Re: [PATCH v5 0/5] sched/fair: SMT-aware asymmetric CPU capacity
From: Dietmar Eggemann
Date: Tue May 05 2026 - 16:42:50 EST
On 28.04.26 16:41, Andrea Righi wrote:
[...]
> - DCPerf MediaWiki (all CPUs):
>
> +---------------------------------+--------+--------+--------+--------+
> | Configuration | rps | p50 | p95 | p99 |
> +---------------------------------+--------+--------+--------+--------+
> | ASYM (mainline) + SIS_UTIL | 7994 | 0.052 | 0.223 | 0.246 |
> | ASYM (mainline) + NO_SIS_UTIL | 7993 | 0.052 | 0.221 | 0.245 |
> | | | | | |
> | NO ASYM + SIS_UTIL | 8113 | 0.067 | 0.184 | 0.225 |
> | NO ASYM + NO_SIS_UTIL | 8093 | 0.068 | 0.184 | 0.223 |
> | | | | | |
> | ASYM + SMT + SIS_UTIL | 8129 | 0.076 | 0.149 | 0.188 |
> | ASYM + SMT + NO_SIS_UTIL | 8138 | 0.076 | 0.148 | 0.186 |
> +---------------------------------+--------+--------+--------+--------+
>
> In the MediaWiki case SMT awareness is less impactful, because for the majority
> of the run all CPUs are used, but it still seems to provide some benefits at
> reducing tail latency.
>
> Tests have also been conducted on NVIDIA Grace (which does not support SMT) to
> ensure that SIS_UTIL support in select_idle_capacity() does not introduce
> regressions and results show slight improvements under the same workloads.

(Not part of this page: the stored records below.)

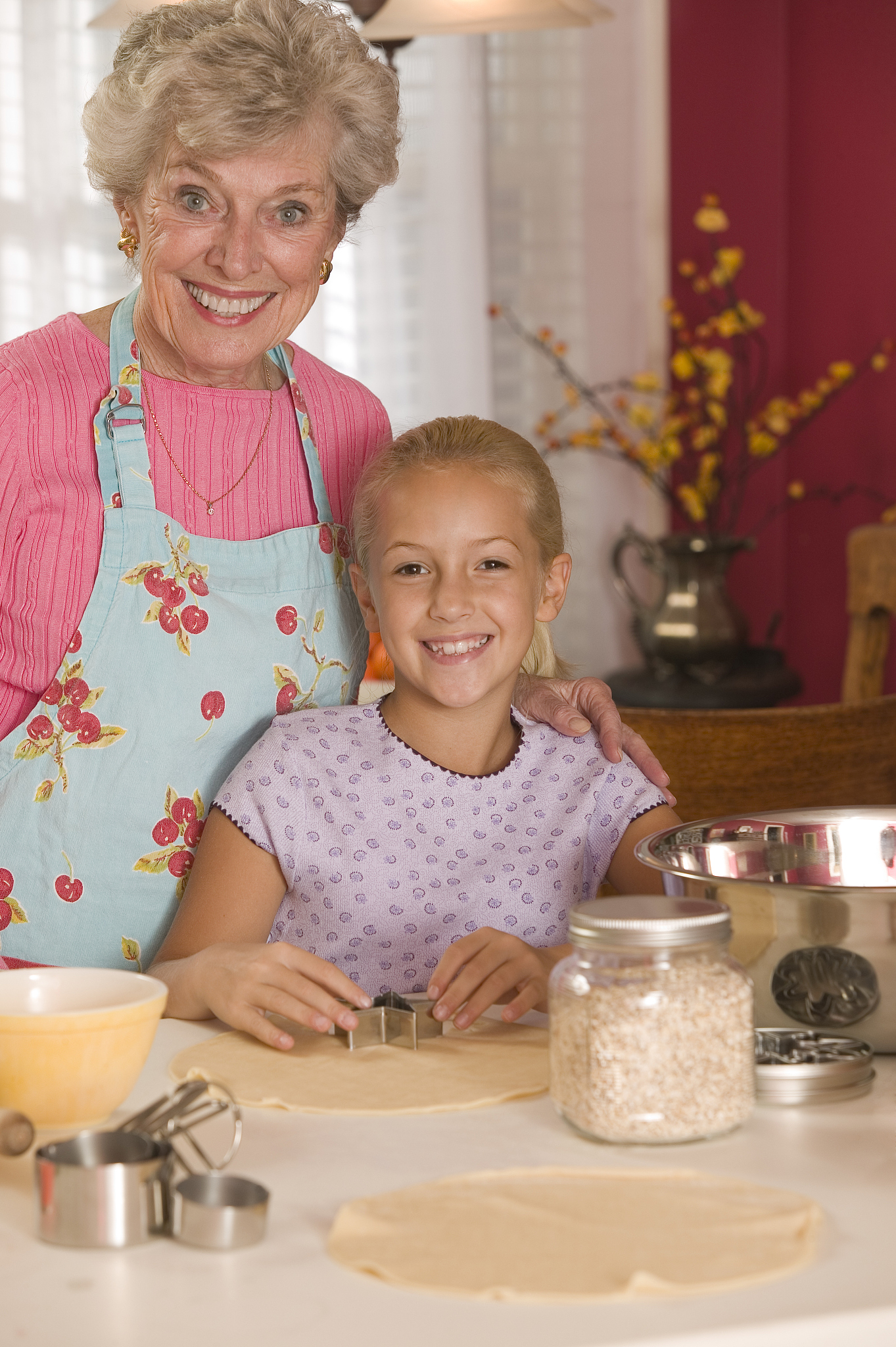grandmother and granddaughter baking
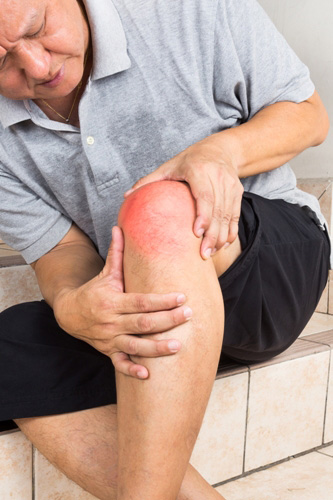 man-suffering-from-painful-knee-joint-Gout-opt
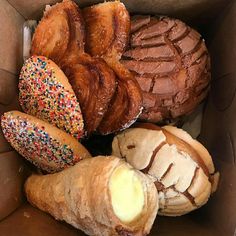 a box filled with different types of pastries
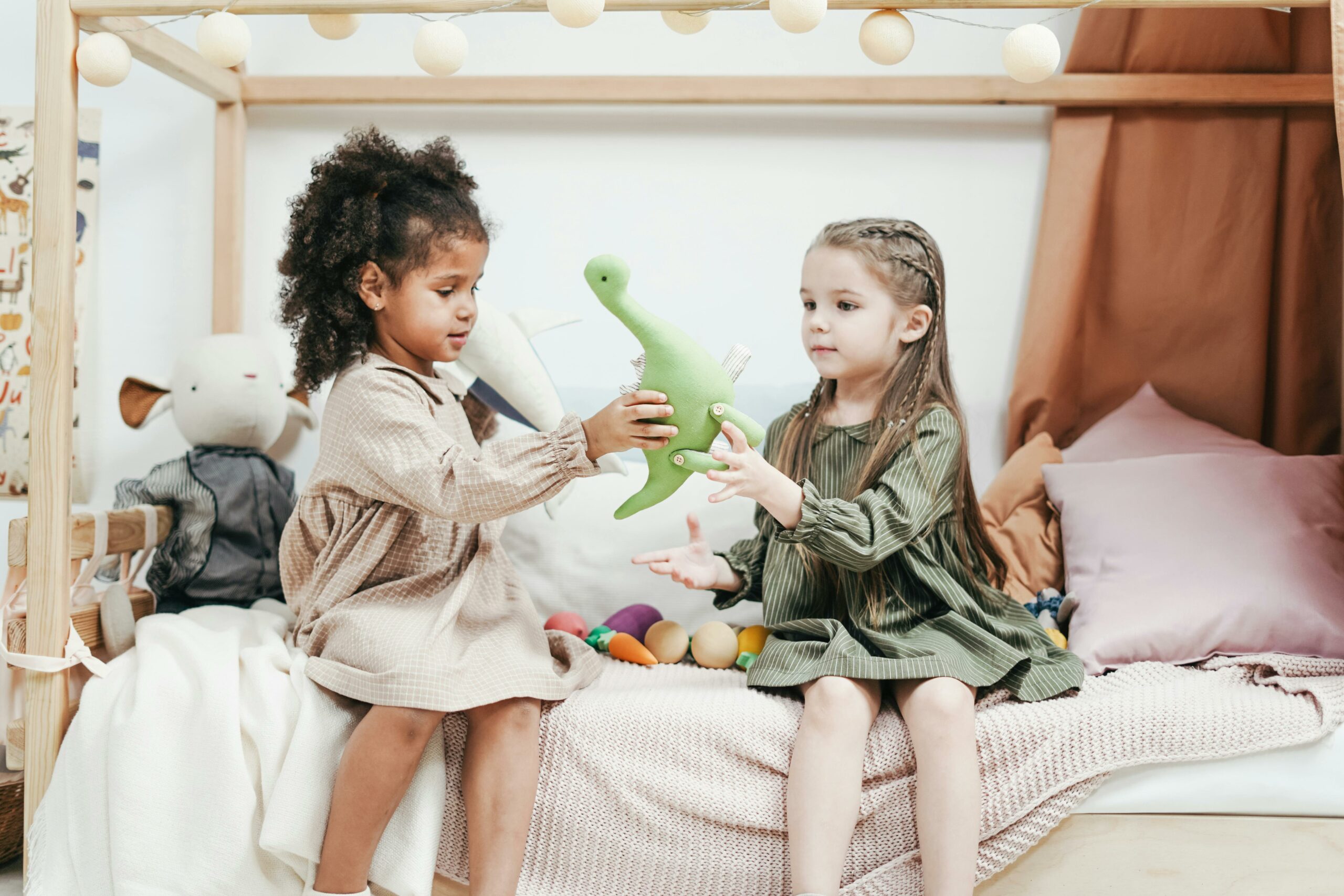 Full image of Two children sit on a bed: one hands a toy dinosaur to the other.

Somehow unrelated to this smt extension but I always wanted to know why
even with !smt (e.g. Grace) we can see better values w/ ASYM.
DCPerf Mediawiki: Grace 72 CPUs, ~800 tasks (last test run):
+---------------------------------+--------+--------+--------+--------+
| Configuration | rps | p50 | p95 | p99 |
+---------------------------------+--------+--------+--------+--------+
| v6.8 NO ASYM | 4470 | 0.026 | 0.040 | 0.046 |
| v6.8 ASYM | 4636 | 0.022 | 0.037 | 0.043 |
+---------------------------------+--------+--------+--------+--------+
values from run_details.json: Wrk RPS, Nginx P50 {, P90, P95, P99} time
I always got 4%-5% higher rps and slightly better latencies w/ ASYM.
Possible explanation:
NO_ASYM
* More local wakeups
* sis()->select_idle_cpu() runs pretty fast into SIS_UTIL !nr_idle_scan
-> falls back to pick this_cpu or prev_cpu
* Causes more runqueue contention → more load balancing
* More short idle periods + migrations
ASYM
* More remote wakeups
* select_idle_capacity() always scans sd_asym
* Less balancing needed; CPUs go idle less often but for longer
* Better placement -> less contention -> higher rps
AFAICS, in this high-load scenario, ASYM avoids the !nr_idle_scan
bailout, spreading tasks more effectively and so reducing contention and
balancing overhead.
Do you have a chance to check this on mainline on your Grace machine?
[...]